Individual EKG waveforms (i.e. a single cycle from a particluar lead) can be extracted from epochs containing many such waveforms. These single waveforms can then be shifted and synchronized about a common feature present in all of them, and can be averaged together on a point by point basis. This averaging can be done in an attempt to reduce the noise content of the signal, to look for differences between individual waveforms, or to look for differences between the average and individual waveforms (e.g. "late potentials").

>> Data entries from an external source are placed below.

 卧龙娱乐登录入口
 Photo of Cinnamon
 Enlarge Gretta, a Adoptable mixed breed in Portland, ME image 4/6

Here is an example of extracting and averaging 4 single cycle waveforms from a 4 second epoch of a V3 EKG signal recorded previously:
Each of the extracted waveforms is synchronized about the R peak of the trace, which has been arbitrarily placed 1/4 of a second (64 points) into the cycle. Currently this extraction and synchronization is perfomed manually, but eventually it will be performed automatically by the software from multiple epochs. The entire V3 epoch is also shown for comparison. Waveforms which cross the ends of the epoch are simply padded with zeros:
The averaging process appears to have little effect on this particular signal, since there is a low noise content, and each individual trace is very similar to one another. However, signals contaminated by additional noise components, or which vary from waveform to waveform, may benefit more from this technique.
Here are plots showing a comparison between the average signal (in red) and one of its individual waveforms (in blue). Also shown is the difference between these two waveforms. Finally, the magnitude of the spectrum of the average (in red) is shown compared to the spectrum of the difference (in blue). The difference spectrum is also shown at a larger scale for convenience.